The California Public Employees’ Retirement System earned 1 percent in the past fiscal year as slumping global stock prices dragged down the largest U.S. pension.
The fund lost 7.2 percent on shares, while private equity gained 5.4 percent. Calpers’ bonds rose about 13 percent and its real estate holdings climbed 16 percent. Calpers, as the fund is known, ended fiscal 2012 with $233 billion in assets, according to a statement today. Half of its holdings are in stocks.
The return for the 12 months through June 30 marks the third time in the past five years that it has failed to reach the 7.5 percent threshold needed to meet projected obligations. When Calpers underperforms, the state and its municipalities must make up make up the difference. The state will see its costs rise next year and local governments the following year, the fund said in statement.

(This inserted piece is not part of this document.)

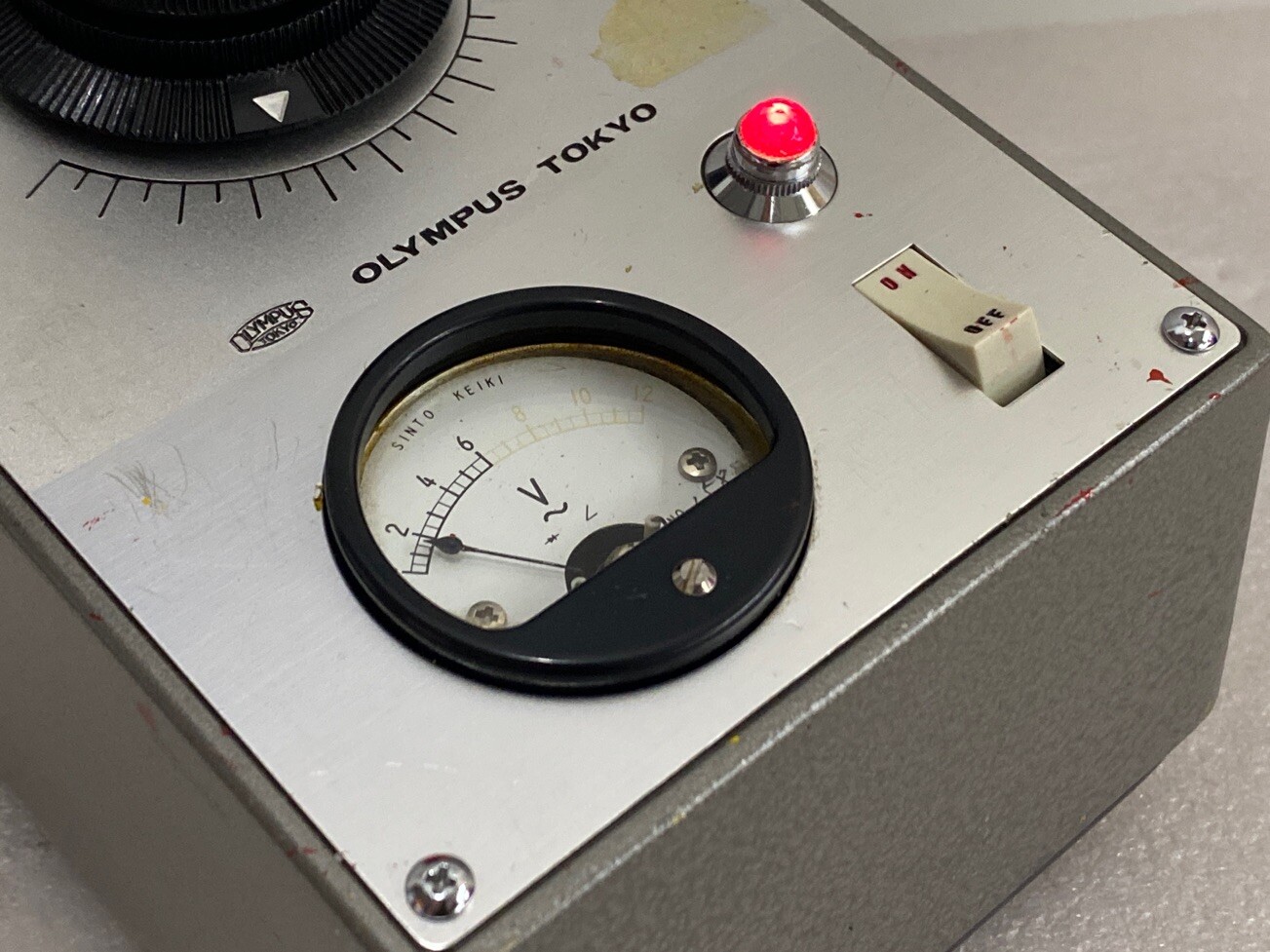 Olympus TE-II Illuminator Transformer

“Inevitably, a 1 percent return will be noted by some as significantly below our target return of 7.5 percent and questions will be raised as to whether that 7.5 percent is realistic,” the fund’s chief investment officer, Joseph Dear, said in remarks to reporters. “One percent is below where we would like it to be but it is well within the range of returns for the kind of portfolio we have.”
The fund earned almost 21 percent in fiscal 2011, its best result in 14 years. The 12 months prior to that, the fund returned almost 12 percent. It lost 23 percent in fiscal 2009, its worst one-year decline on record.
Calpers spreads out any gain or loss over 15 years to shelter municipalities from volatility in annual results. On that basis, it earned almost 5.9 percent in the most-recent period.
The California State Teachers Retirement System, the second largest U.S. public pension with $150.6 billion in assets, earned 1.8 percent in its fiscal year, the fund said July 13. It also assumes it will earn 7.5 percent.
California’s state pensions in 2010 had about 81 percent of what they needed to cover the benefits they promised, down from 87 percent in the preceding year, according to an annual study by Bloomberg Rankings. The median for all states was 75 percent, the data show.
Public funds such as Calpers and the teachers’ fund have come under fire for using investment assumptions that can mask the true size of shortfalls.
Calpers’s governing board in March lowered its assumed rate of return on invested assets from 7.75 percent. The rate is used to calculate how much money the plan will need to cover promised benefits and what employers must contribute.
While the fund’s actuary recommended lowering the rate to 7.25 percent, the Calpers board said at the time that would burden local governments when they were already coping with financial strains.
“It’s important to maintain a realistic outlook, and the long-term number for our fund shows that our 7.5 percent target is obtainable,” Dear said. “The key for all investors is having a strategy and sticking with it when it’s working and when it’s underperforming. The worst mistake you can make is abandoning your strategy when it appears to have some trouble.”